Two pairs

Sketching. The best form of procrastination while grading student assignments. It could also be surfing the web, making tea or walking the dog. 25 down, 90 to go.

TwoPairs

 


14 Comments on “Two pairs”

  1. Ross says:

    Really good sketch. I like the lineal composition. Now, focus… no more sketches until you finish!

  2. Pat Brookes says:

    The background is so fresh and light. How do you decide on your background for a still life?

    • Good question Pat. This background is unusual in that I painted it first. Often the background colour is a derivative of some of the colours in the subject (and therefore painted last) but in this case I was experimenting with a colour I use infrequently: Winsor Blue. I read an article by Hazel Soan about blues in the latest issue of Watercolor Artist Magazine, and this particular blue was used in a very diluted wash. I loved the way the tint looked, so I tried it here in the background.

  3. margo vonk says:

    Donot wait any longer, eat the pears. They are lovely.

  4. Chris Paling says:

    Procrastination – also known as displacement activity. Being a novel writer I have come to understand that procrastination is the unconscious mind working/making decisions before the next word is written; the next image committed to the paper. Procrastination is a vital part of the artistic process – each time we see an autumn tree, observe a transaction between two people we continue that process. Very underrated: our unconscious mind is what ultimately gives us a voice and procrastination is how we access that part of ourself.

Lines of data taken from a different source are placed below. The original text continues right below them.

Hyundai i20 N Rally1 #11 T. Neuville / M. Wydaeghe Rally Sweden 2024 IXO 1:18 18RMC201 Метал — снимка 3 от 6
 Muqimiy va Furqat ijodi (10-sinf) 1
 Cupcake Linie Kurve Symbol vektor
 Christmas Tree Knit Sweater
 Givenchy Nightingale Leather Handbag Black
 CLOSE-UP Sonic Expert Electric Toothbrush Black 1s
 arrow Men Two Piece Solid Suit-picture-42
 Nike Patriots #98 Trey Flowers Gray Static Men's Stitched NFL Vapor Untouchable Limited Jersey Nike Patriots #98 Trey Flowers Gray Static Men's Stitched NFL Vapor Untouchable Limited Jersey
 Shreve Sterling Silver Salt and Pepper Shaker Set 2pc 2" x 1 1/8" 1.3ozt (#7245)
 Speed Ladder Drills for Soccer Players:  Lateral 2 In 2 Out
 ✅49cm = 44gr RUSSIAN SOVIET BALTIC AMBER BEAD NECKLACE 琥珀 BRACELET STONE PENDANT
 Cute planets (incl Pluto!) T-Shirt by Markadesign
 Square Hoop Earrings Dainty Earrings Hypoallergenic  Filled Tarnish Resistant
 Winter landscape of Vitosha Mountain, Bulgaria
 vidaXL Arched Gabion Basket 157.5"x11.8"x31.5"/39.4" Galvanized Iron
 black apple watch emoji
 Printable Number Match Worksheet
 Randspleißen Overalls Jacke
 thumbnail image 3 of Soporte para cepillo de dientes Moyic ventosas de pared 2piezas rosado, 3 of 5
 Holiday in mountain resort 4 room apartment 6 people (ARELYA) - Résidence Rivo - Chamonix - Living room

    • I’ve never quite thought about it like that Chris and you have given me a lot to ponder. I’m not sure the type of procrastinating you are referring to is what I am doing though, because it doesn’t have anything to do with the creative process. In fact, I would much rather be painting than grading, and when it comes time to paint I get down to it right away, although there is often thinking and planning time in there too. It’s when it comes to something I don’t want to do, like grading, that I find a million other things to occupy my time.
      There was a very interesting obituary in the Globe and Mail this week about the Canadian artist Robert Genn, who I had never heard of. I love the advice he gave his children:“Waiting for inspiration is for amateurs; professionals get to work.”

  5. Joan says:

    Lovely, as usual. I find pears so appealing. Love to look at them, paint them…no other fruit has that appeal for me other than pumpkins, oh wait, those are vegetables.